Fusing generation and verification into one pass lets LLMs self-check math answers more accurately while using far less training time.

A machine-rendered reading of the paper's core claim, the machinery that carries it, and where it could break.

The paper addresses the problem that large language models are unreliable at judging the correctness of their own mathematical solutions. Prior methods train generation and verification as separate tasks, which multiplies the required training time. FABSVer instead fuses both tasks into a single generation pass so the model learns them together with much lower overhead. It also adds Dynamic Reference Model Update to prevent the training reward from plateauing as the policy is held back by a fixed reference model. Experiments across three model scales show higher verification and reasoning accuracy on math benchmarks at 51 to 71 percent of the training time of existing approaches.

Core claim

FABSVer fuses solution generation and verification into a single generation pass, which reduces training overhead while jointly optimizing both capabilities. To overcome the convergence bottleneck where reward plateaus because the policy is constrained by a fixed reference model, the method introduces Dynamic Reference Model Update (DRMU) that raises the reward ceiling and sustains growth. This produces superior self-verification and reasoning performance on math benchmarks with substantially lower training time, and analysis shows distinct learning phases plus a shrinking gap between verify and answer rewards as model size increases.

What carries the argument

Fusion of generation and verification into one generation pass, together with Dynamic Reference Model Update (DRMU) that dynamically adjusts the reference model to lift the reward ceiling.

If this is right

  • Self-verification accuracy exceeds that of separate-training baselines on standard math benchmarks.
  • Reasoning performance improves at three different model scales.
  • Total training time drops to between 51 and 71 percent of prior methods.
  • Models progress through distinct phases while acquiring self-verification skill.
  • The difference between verification reward and answer reward narrows as model size grows.

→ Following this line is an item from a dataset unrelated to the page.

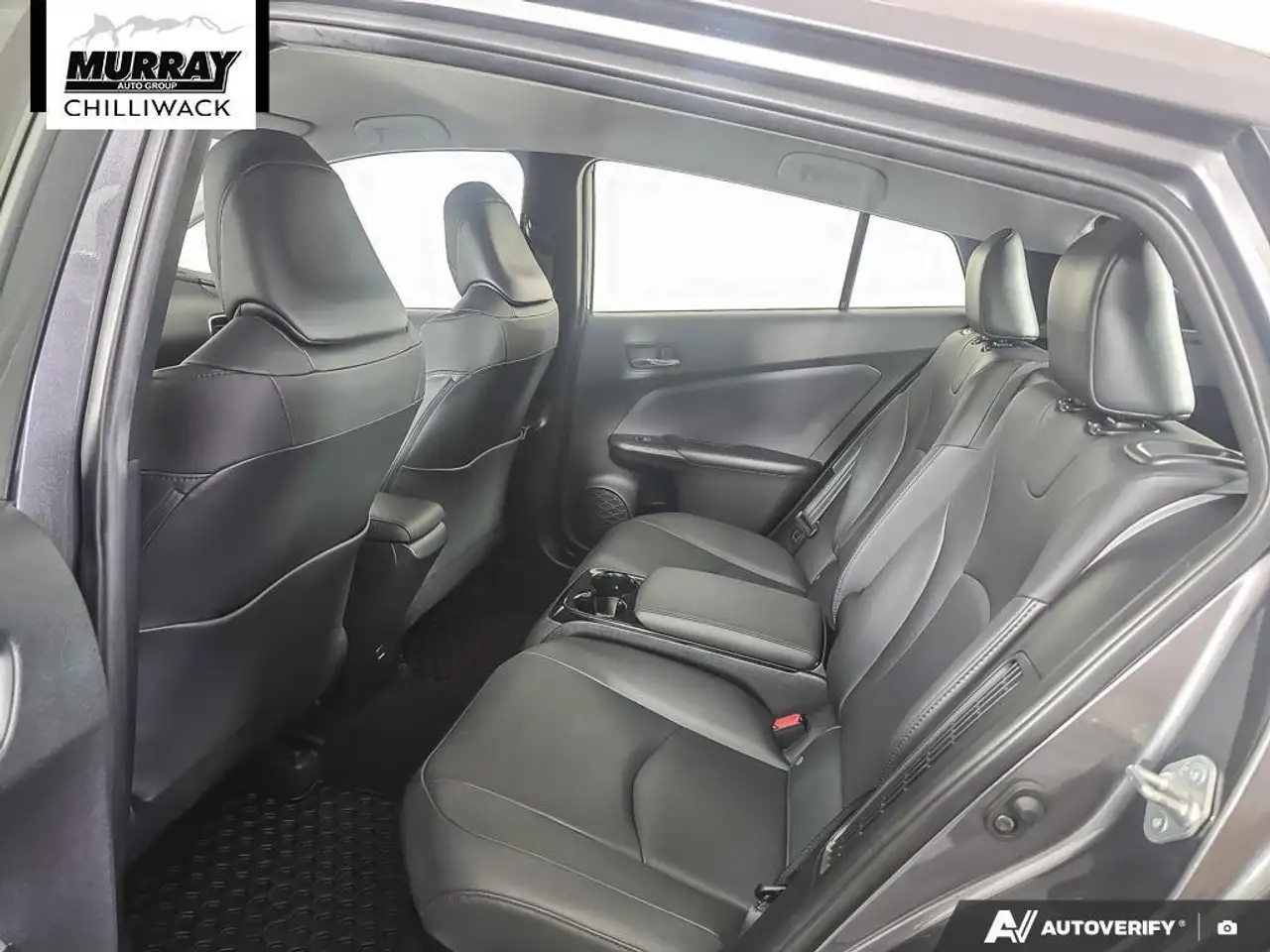 Toyota Prius Prime снимка Toyota Prius Prime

Where Pith is reading between the lines

These are editorial extensions of the paper, not claims the author makes directly.

  • The single-pass fusion could be tested on non-math tasks such as code generation to check whether training cost savings generalize.
  • DRMU might be combined with other reinforcement-learning methods that also face reward plateaus from fixed references.
  • Tracking the identified learning phases could guide when to switch training objectives or data mixtures for faster gains.
  • The shrinking verify-answer gap with scale suggests larger models may need less explicit verification training.

Load-bearing premise

Training generation and verification together in one pass will improve both abilities without one degrading the other.

What would settle it

A direct comparison on a new math benchmark where the single-pass FABSVer model shows lower verification accuracy than a separately trained verifier while still using less training time.

Figures

Figures reproduced from arXiv: 2605.28389 by Haihui Pan, Hongfei Jiang, Junwei Bao, Yang Song.

Figure 1
Figure 1. Figure 1: The effect of DRMU on FABSVer. For FABSVer with DRMU, steps 273, 546, and 819 [PITH_FULL_IMAGE:figures/full_fig_p008_1.png] view at source ↗
Figure 2
Figure 2. Figure 2: Training curves of answer reward and verify reward for FABSVer across different model [PITH_FULL_IMAGE:figures/full_fig_p009_2.png] view at source ↗
Figure 3
Figure 3. Figure 3: Prompt template used in the training and inference. [PITH_FULL_IMAGE:figures/full_fig_p013_3.png] view at source ↗
Figure 4
Figure 4. Figure 4: Verification prompt used in [Liu et al., 2025]. Prompt Template User: [Math problem] Assistant: [Solution] User : Please verify the solution step by step. At the end of the solution verification, when you give your final grade, write it in the form " Is the answer correct ( Yes / No ) ? X" , where X is either Yes or No. Assistant [PITH_FULL_IMAGE:figures/full_fig_p014_4.png] view at source ↗
Figure 5
Figure 5. Figure 5: Verification prompt used in [Zhang et al., 2025]. 14 [PITH_FULL_IMAGE:figures/full_fig_p014_5.png] view at source ↗
Figure 6
Figure 6. Figure 6: Output case of FABSVer-1.5B. 16 [PITH_FULL_IMAGE:figures/full_fig_p016_6.png] view at source ↗
Figure 7
Figure 7. Figure 7: Output case of FABSVer-3B. 17 [PITH_FULL_IMAGE:figures/full_fig_p017_7.png] view at source ↗
Figure 8
Figure 8. Figure 8: Output case of FABSVer-7B. 18 [PITH_FULL_IMAGE:figures/full_fig_p018_8.png] view at source ↗
read the original abstract

While large language models have made significant progress in mathematical reasoning, they remain unreliable at judging the correctness of their own solutions. Existing approaches that equip models with self-verification typically treat solution generation and verification as two separate tasks, leading to substantially increased training time. In this paper, we propose FABSVer, which fuses these two tasks into a single generation pass, dramatically reducing training overhead while jointly optimizing both capabilities. We further identify a convergence bottleneck both theoretically and empirically: as training progresses, the reward reaches a plateau because the policy is constrained by a fixed reference model. To overcome this, we introduce Dynamic Reference Model Update (DRMU), which raises the reward ceiling and enables sustained reward growth. Extensive experiments on math benchmarks demonstrate that FABSVer achieves superior self-verification and reasoning performance across three model scales, while requiring only 51%--71% of the training time of existing methods. Analysis further reveals distinct learning phases in how models acquire self-verification, and that the gap between verify and answer rewards shrinks noticeably as model size increases.

Editorial analysis

A structured set of objections, weighed in public.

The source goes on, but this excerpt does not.